WORK ORDER: Using the listing below, copy exactly the lines from the one containing "Annie Wear Checkered" to the one containing "Una bambina di", both lines included, and no others.

DATA PROVIDED:
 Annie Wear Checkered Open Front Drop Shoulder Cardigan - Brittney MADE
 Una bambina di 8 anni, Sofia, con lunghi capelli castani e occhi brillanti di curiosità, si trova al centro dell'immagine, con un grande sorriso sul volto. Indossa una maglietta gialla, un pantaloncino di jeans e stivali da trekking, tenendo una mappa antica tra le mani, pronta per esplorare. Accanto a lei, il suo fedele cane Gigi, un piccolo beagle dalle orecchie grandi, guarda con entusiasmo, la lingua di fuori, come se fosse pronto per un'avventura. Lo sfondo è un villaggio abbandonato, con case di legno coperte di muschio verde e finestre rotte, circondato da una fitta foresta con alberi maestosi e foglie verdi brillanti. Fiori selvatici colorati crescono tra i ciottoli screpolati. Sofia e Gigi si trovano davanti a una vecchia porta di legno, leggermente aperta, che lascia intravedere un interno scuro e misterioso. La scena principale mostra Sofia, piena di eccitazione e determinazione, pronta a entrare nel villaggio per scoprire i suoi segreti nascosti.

--

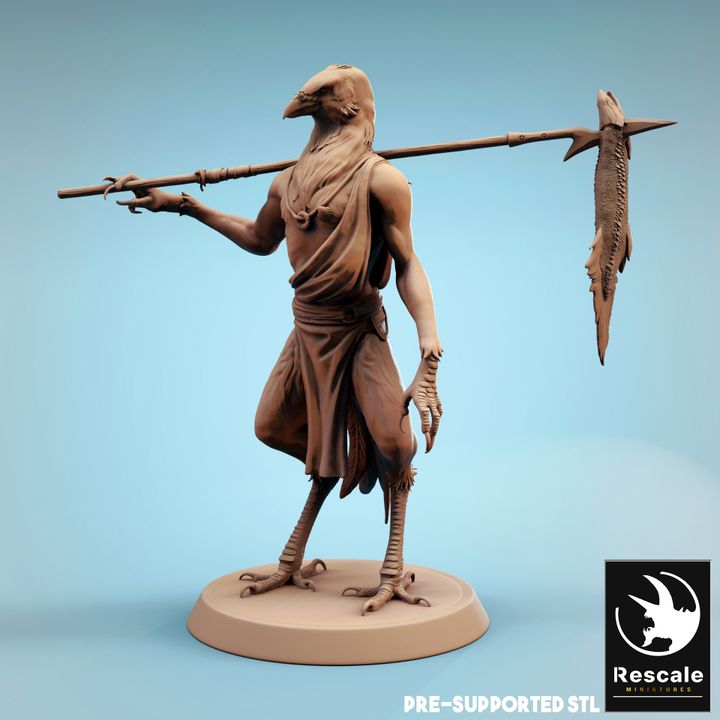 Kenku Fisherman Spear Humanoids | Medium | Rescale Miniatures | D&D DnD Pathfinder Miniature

EXERCISE RESPONSE:
 Annie Wear Checkered Open Front Drop Shoulder Cardigan - Brittney MADE
 Una bambina di 8 anni, Sofia, con lunghi capelli castani e occhi brillanti di curiosità, si trova al centro dell'immagine, con un grande sorriso sul volto. Indossa una maglietta gialla, un pantaloncino di jeans e stivali da trekking, tenendo una mappa antica tra le mani, pronta per esplorare. Accanto a lei, il suo fedele cane Gigi, un piccolo beagle dalle orecchie grandi, guarda con entusiasmo, la lingua di fuori, come se fosse pronto per un'avventura. Lo sfondo è un villaggio abbandonato, con case di legno coperte di muschio verde e finestre rotte, circondato da una fitta foresta con alberi maestosi e foglie verdi brillanti. Fiori selvatici colorati crescono tra i ciottoli screpolati. Sofia e Gigi si trovano davanti a una vecchia porta di legno, leggermente aperta, che lascia intravedere un interno scuro e misterioso. La scena principale mostra Sofia, piena di eccitazione e determinazione, pronta a entrare nel villaggio per scoprire i suoi segreti nascosti.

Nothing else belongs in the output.